*Material for this task:*

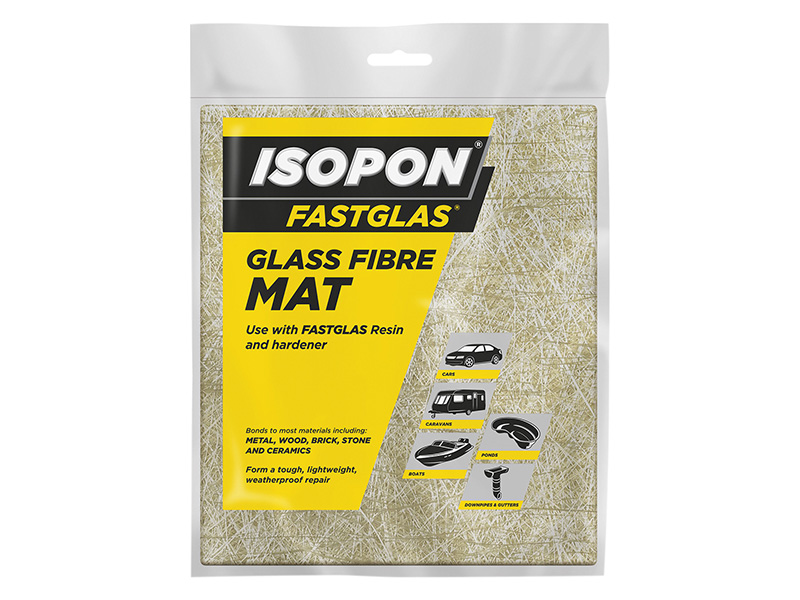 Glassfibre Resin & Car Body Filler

* * *

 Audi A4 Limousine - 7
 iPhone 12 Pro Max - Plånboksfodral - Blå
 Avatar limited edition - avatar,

*Task brief:* Above are records; repeat only the lines starting at the line with "iPhone 12 Pro Max - Plånboksfodral - Blå" and ending at the line with "Avatar limited edition", exactly as they appear, both included.

*Task answer:*
 iPhone 12 Pro Max - Plånboksfodral - Blå
 Avatar limited edition - avatar,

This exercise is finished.